> _Action item_:
Keep the pictures out, and restate the listing that follows exactly as written.

> _Raw data_:
────

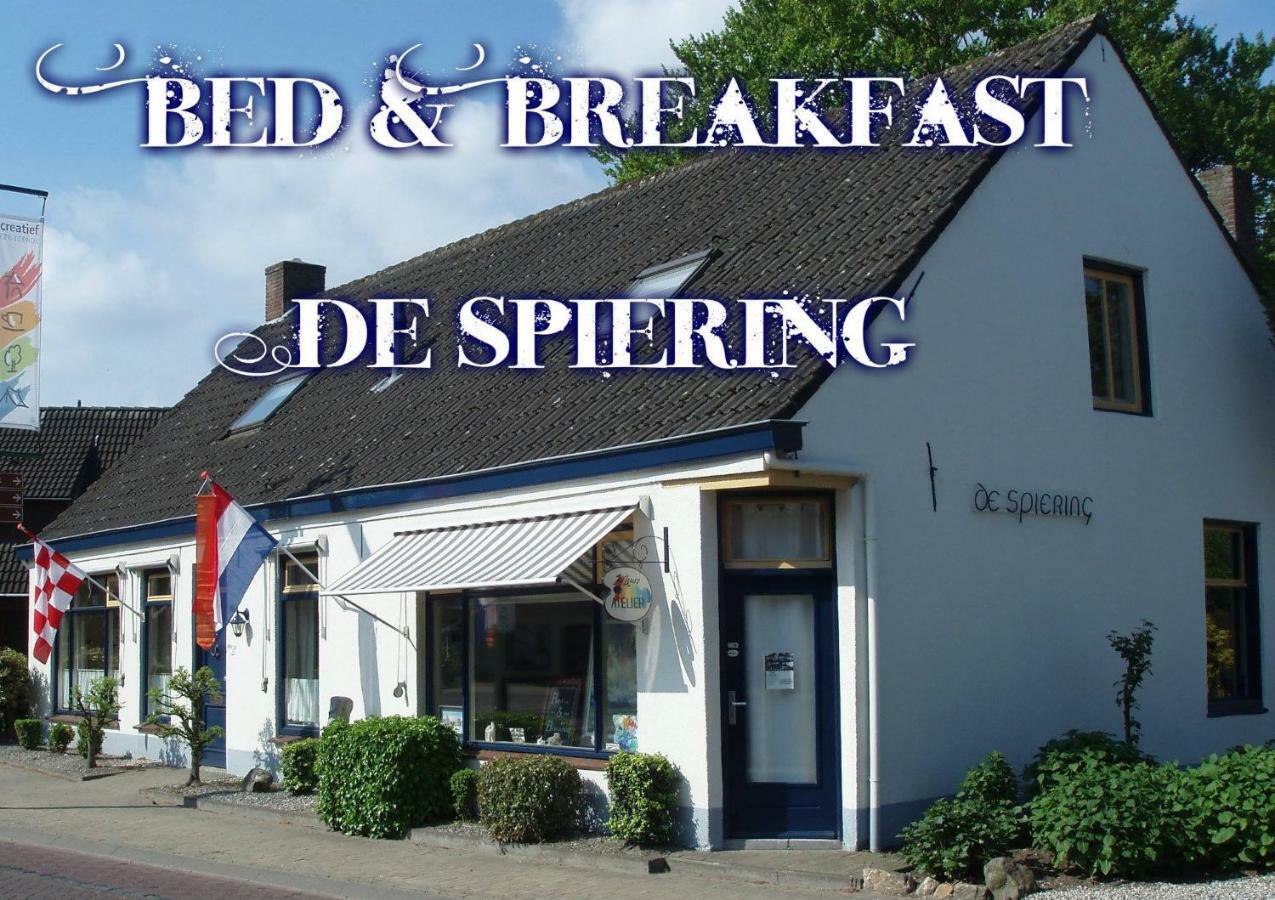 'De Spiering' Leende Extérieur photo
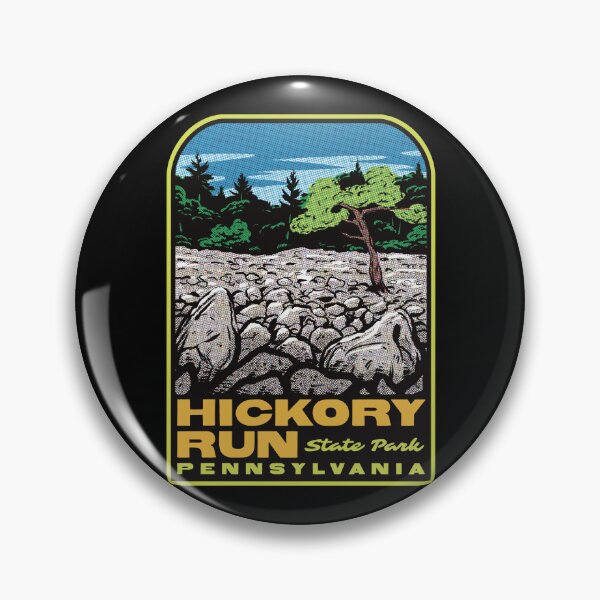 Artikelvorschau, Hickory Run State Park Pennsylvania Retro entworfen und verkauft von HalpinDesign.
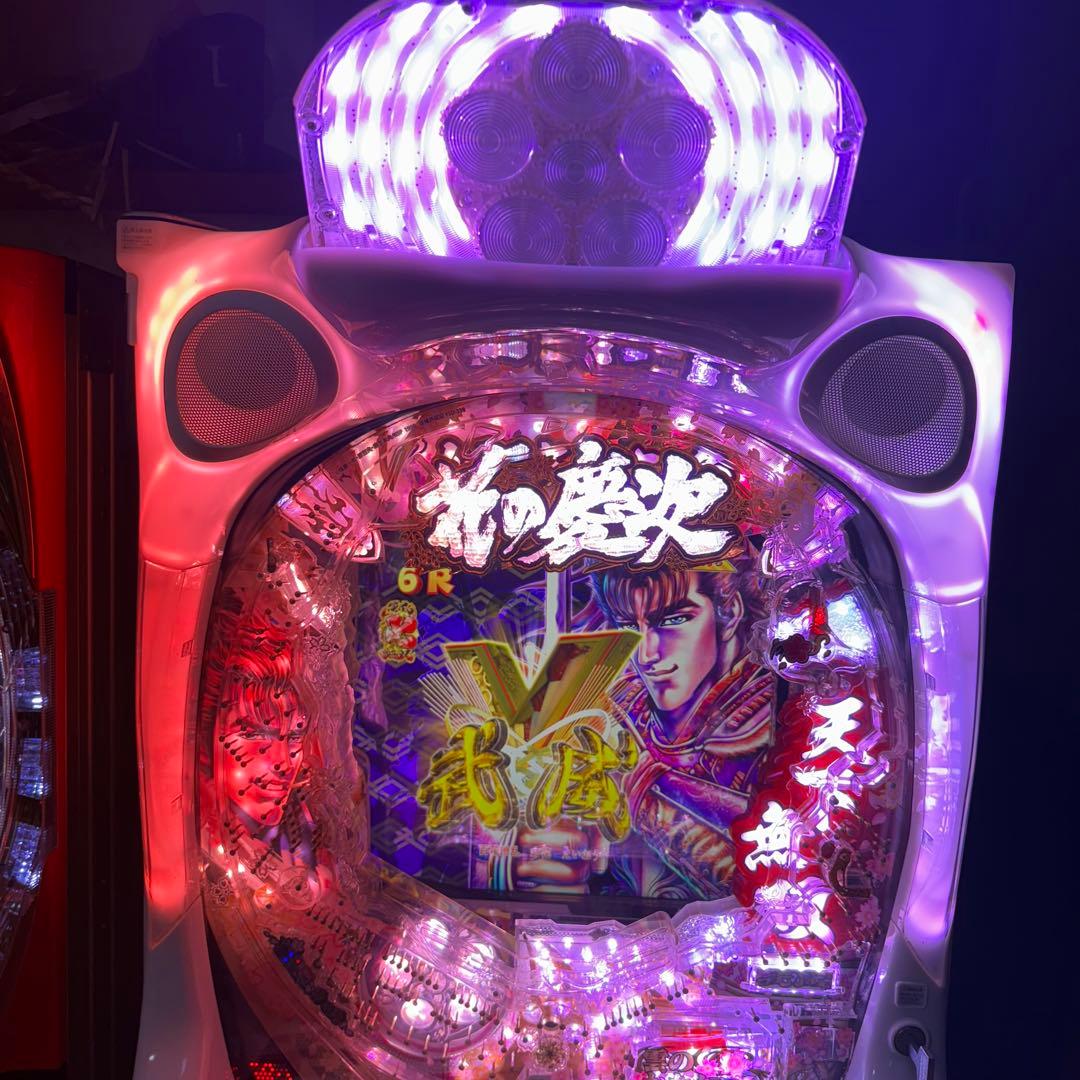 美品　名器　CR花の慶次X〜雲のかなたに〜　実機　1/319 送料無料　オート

────

> _Finished exercise_:
 'De Spiering' Leende Extérieur photo
 Artikelvorschau, Hickory Run State Park Pennsylvania Retro entworfen und verkauft von HalpinDesign.
 美品　名器　CR花の慶次X〜雲のかなたに〜　実機　1/319 送料無料　オート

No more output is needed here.